Recently I've been thinking about growing some plants emerged outside now that it's summer.

I was thinking about using one of those kiddie pools as the base Part and building a frame around it out of wood and 6 mil plastic to keep the humidity up.
Any suggestions?


----------



## Michael (Jul 20, 2010)

Be sure you have adequate ventilation to avoid cooking everything on a sunny summer day. Do that, and the plants should explode.


----------



## aquarium kid (Nov 26, 2012)

Or would it be better to just grow them submerged outside?


----------



## Michael (Jul 20, 2010)

Both will work, but emersed avoids algae problems.


----------



## dbot (Aug 23, 2013)

Less water changes with emersed  whatcha gonna do with your plants?


----------



## TropTrea (Jan 10, 2014)

The big questions I would think are where your located and which plants your trying to grow. I had visited some aquatic green houses years ago in Wisconsin. When it gets to July and August they had different systems for removal of the heat build up. Super ventilation with Huge fans or removal of the top most panels and replacing them with sun screens. A majority of there plants were not even in the green houses during summer but in large 12 foot by 50 foot outdoor ponds. 

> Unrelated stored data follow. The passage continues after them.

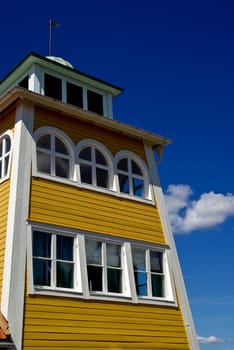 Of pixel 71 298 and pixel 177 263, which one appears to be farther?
pixel 177 263

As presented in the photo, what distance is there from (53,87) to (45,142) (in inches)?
123

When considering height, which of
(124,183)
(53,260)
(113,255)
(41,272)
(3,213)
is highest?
(124,183)

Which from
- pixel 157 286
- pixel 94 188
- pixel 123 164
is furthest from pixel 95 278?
pixel 123 164

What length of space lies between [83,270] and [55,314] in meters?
1.63

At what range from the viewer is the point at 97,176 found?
15523 mm

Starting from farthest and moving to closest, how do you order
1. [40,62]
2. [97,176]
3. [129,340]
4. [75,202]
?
[40,62], [97,176], [75,202], [129,340]

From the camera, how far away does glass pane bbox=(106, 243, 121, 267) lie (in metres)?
14.3

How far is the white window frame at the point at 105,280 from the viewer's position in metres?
12.4

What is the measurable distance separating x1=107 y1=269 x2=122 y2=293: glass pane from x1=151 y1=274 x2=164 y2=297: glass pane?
127 cm

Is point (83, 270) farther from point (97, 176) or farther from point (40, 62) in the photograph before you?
point (40, 62)

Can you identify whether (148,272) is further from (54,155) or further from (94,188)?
(54,155)

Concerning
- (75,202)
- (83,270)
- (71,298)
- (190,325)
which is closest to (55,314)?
(71,298)

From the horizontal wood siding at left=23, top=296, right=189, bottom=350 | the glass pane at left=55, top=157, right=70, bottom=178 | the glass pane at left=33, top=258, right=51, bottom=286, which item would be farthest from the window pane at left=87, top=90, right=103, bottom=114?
the horizontal wood siding at left=23, top=296, right=189, bottom=350

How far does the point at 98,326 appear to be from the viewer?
1273 centimetres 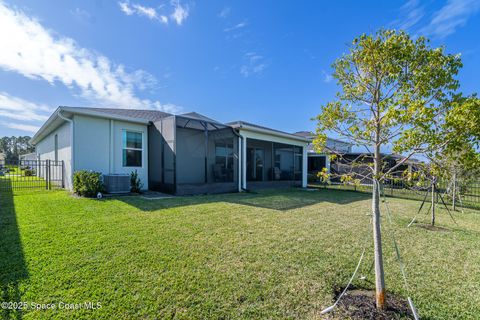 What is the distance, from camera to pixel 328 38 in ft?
31.2

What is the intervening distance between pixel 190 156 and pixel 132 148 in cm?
273

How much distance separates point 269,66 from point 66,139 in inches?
430

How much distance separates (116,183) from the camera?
7.94 m

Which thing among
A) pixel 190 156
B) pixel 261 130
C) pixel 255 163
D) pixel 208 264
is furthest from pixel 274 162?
pixel 208 264

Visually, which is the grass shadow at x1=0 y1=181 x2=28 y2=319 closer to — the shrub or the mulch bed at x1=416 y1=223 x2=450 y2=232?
the shrub

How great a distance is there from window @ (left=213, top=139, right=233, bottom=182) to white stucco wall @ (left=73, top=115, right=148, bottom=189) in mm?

During the winter months was when they made the most use of there green houses. However I would not want to the individual paying there energy bills.


----------



## THE V (Jul 3, 2009)

Small greenhouses are not very good for controlled environments. They heat up really high and cool off really fast. 
The larger and taller the greenhouse, the better and more efficient they become. The most efficient ones cover an acre or more of ground and have ceilings 15 feet+. 

As for your pool idea you don't want to use plastic. You can achieve higher humidity without adding too much heat by using screening. Something bee proof but not thrip proof would work the best (larger holes). The screening stops much of the wind thereby increasing the relative humidity near the plants.


----------



## aquarium kid (Nov 26, 2012)

Thanks for the info! I was wondering how to stop the build up of heat. So I probaly won't use the plastic if I still try this, Using screening sounds sounds intresting.


----------



## THE V (Jul 3, 2009)

Just for fun here is a picture of a screened greenhouse at work. This is outside of Hermisillo, Mexico in the middle of the desert. 

An outside picture and what it looks like inside. 

It's actually cooler inside than it is outside.


----------